This year, in place of its annual LaFontaine-Baldwin Lecture on matters of democracy, citizenship and the public good, the Institute for Canadian Citizenship hosted two online panels. The first featured past lecturers who discussed challenges presented by the pandemic and beyond, and the second invited emerging leaders—including Luce President and CEO Mariko Silver—to suggest areas of focus and strategies for making progress.
“People have said this moment requires the full force of our imagination. […] But we need to dig into what that means.
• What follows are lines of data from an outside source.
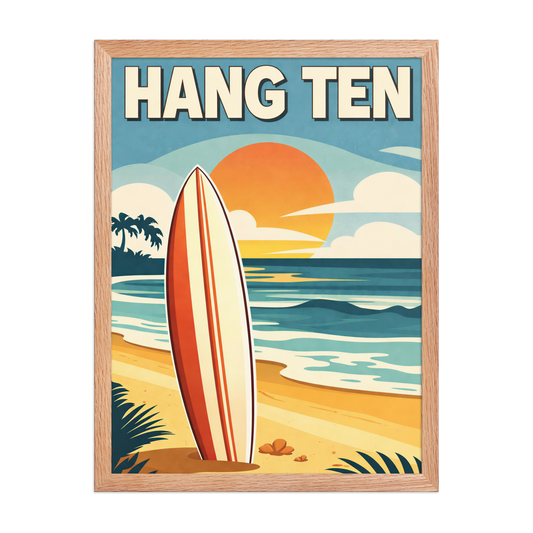 Framed Hang Ten vintage surf poster with surfboard and California sunset beach scene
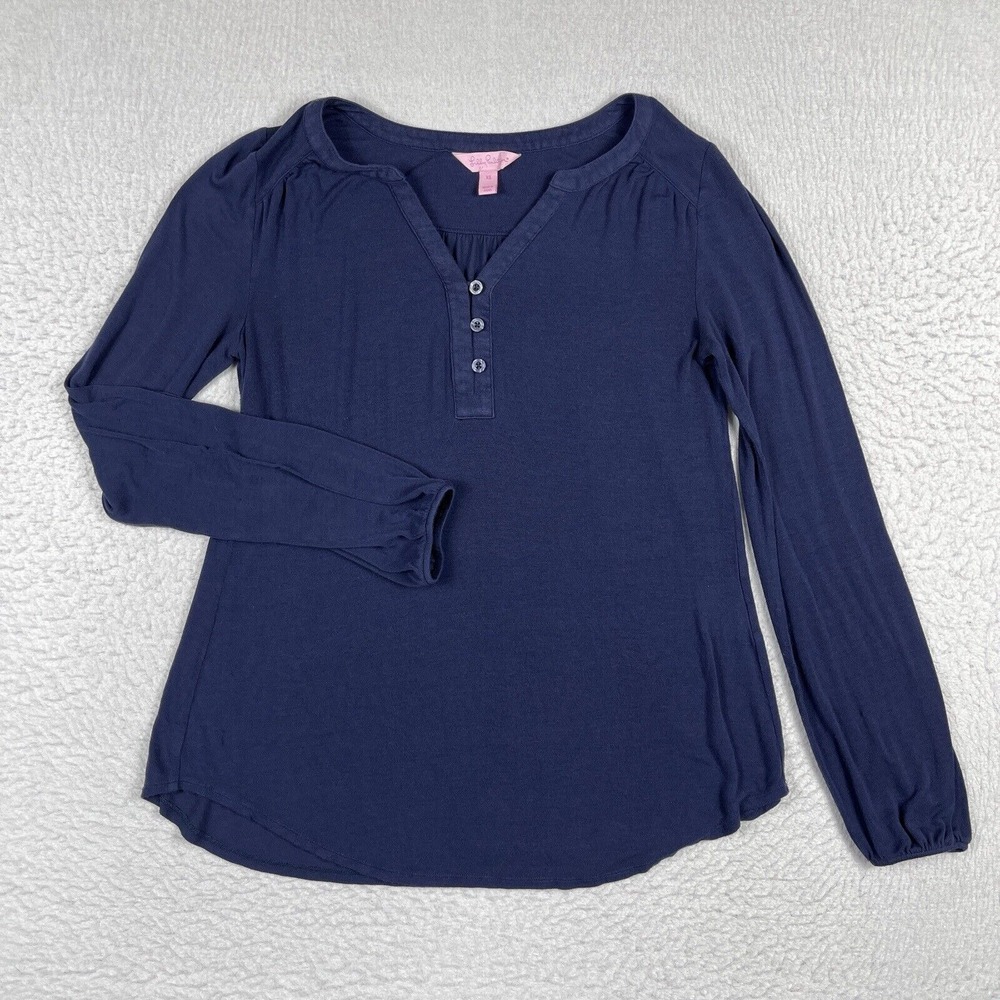 Lilly Pulitzer Shirt Womens XS Navy Blue Lilias Tunic Top‎ Career Casual Ladies
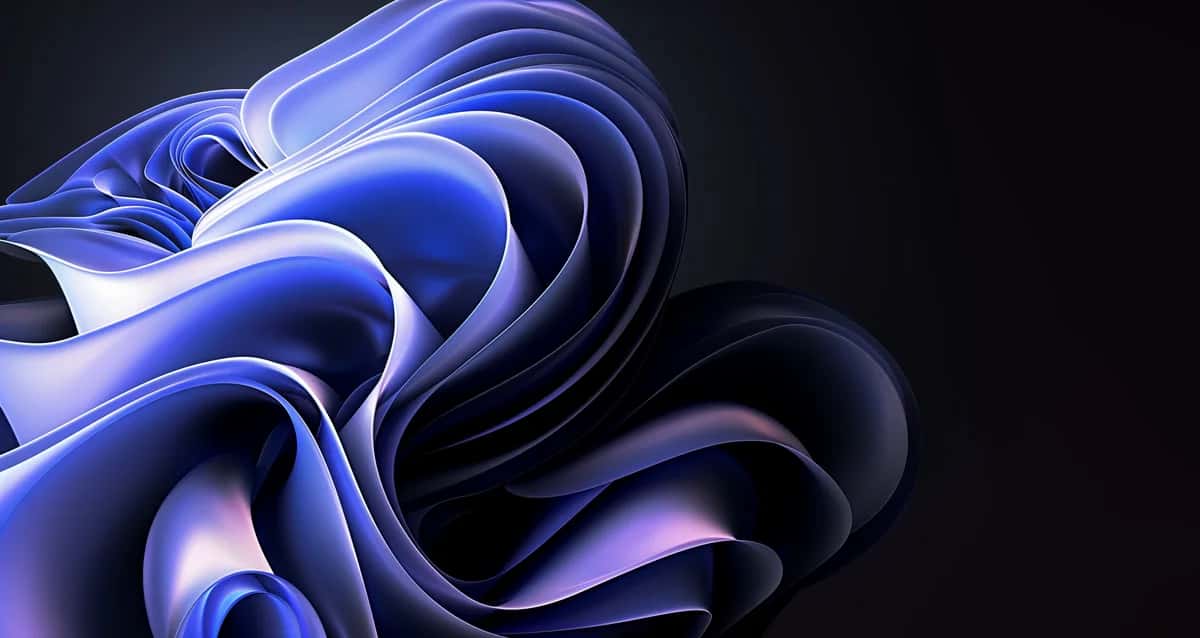 Abstract fluid shapes in blue and purple tones with glossy, swirling three-dimensional forms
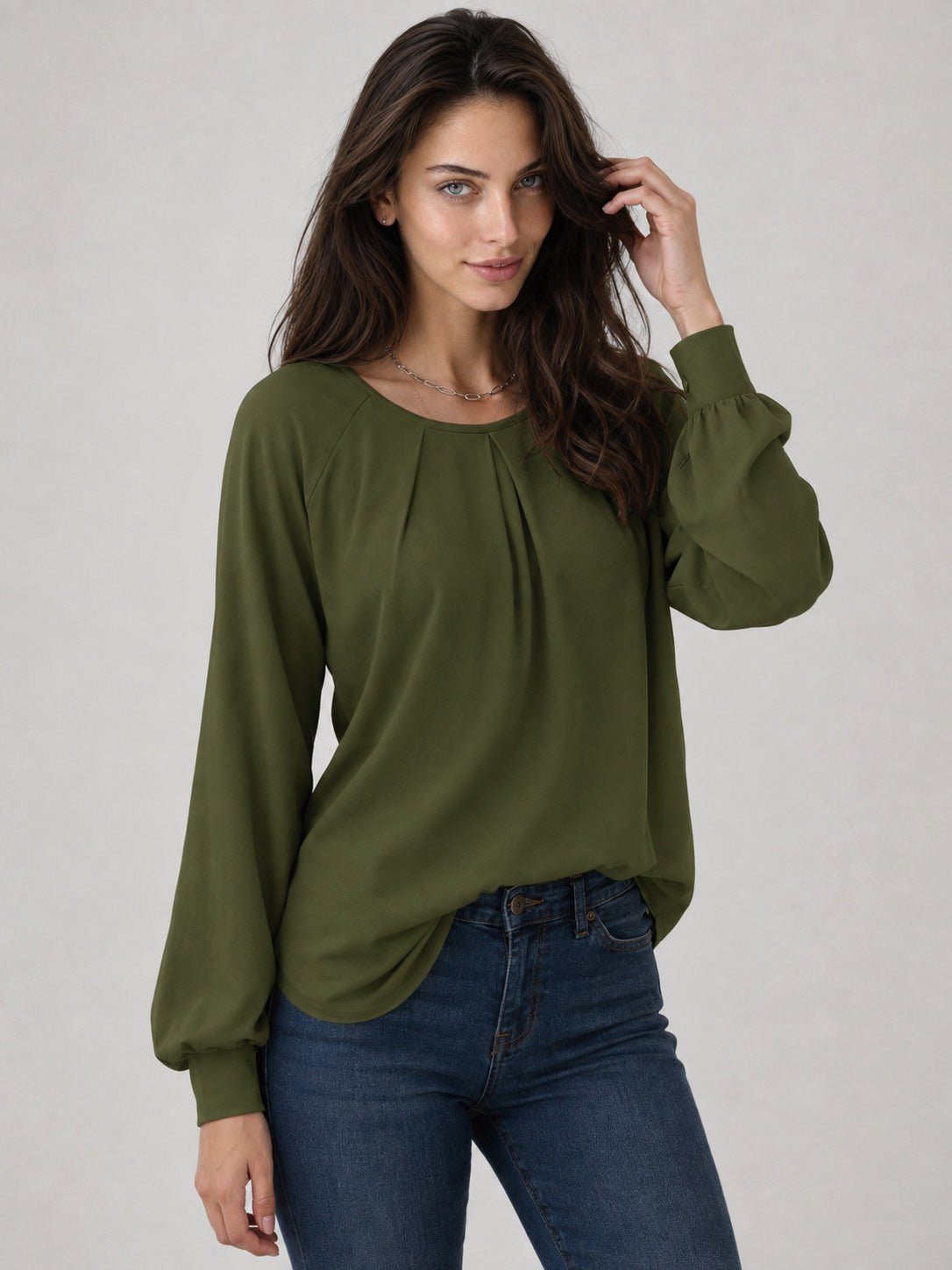 YUCOLEN Women's Lantern Sleeve Pleated Blouse Soft Cotton Rayon Dressy Casual Top in Army Green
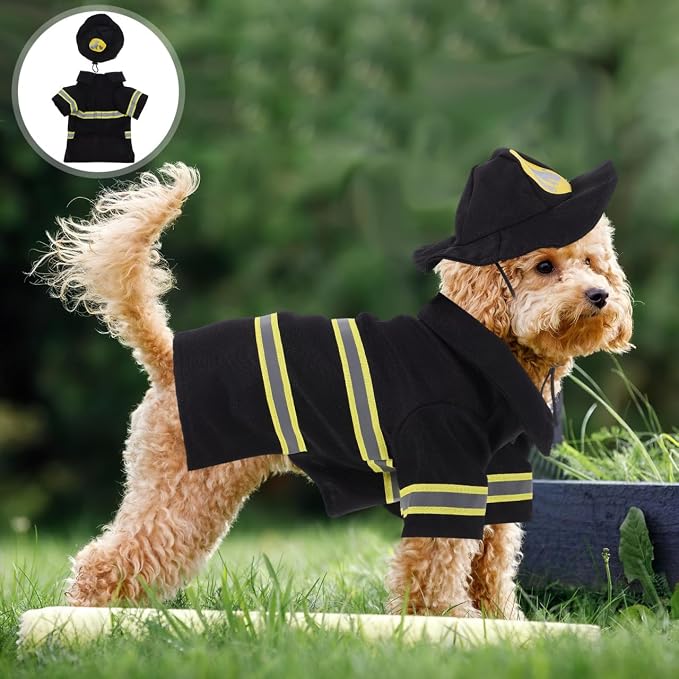Disfraz de Bombero para Perro Pequeño POPETPOP Talla S Negro miniatura 2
What does that mean in the doing? What does that mean in the work? What does that mean about who we’re centering, who we’re listening to, and how we reflect on our own complicity in our own culture, frankly, with the systems as they are; with our own privilege in the systems as they are. And how do we then think about how to disrupt them? And what kind of moral courage and moral imagination does that take? —Mariko Silver, President and CEO, Henry Luce Foundation
Ordinarily the Institute for Canadian Citizenship names one person to deliver the LaFontaine-Baldwin lecture on matters of democracy, citizenship and the public good.
But this is no ordinary year.
For 2020 the Institute convened two online discussions: one composed of nine previous lecturers, sharing observations and concerns about the time of pandemic and beyond, and one of emerging global leaders, who gave their responses.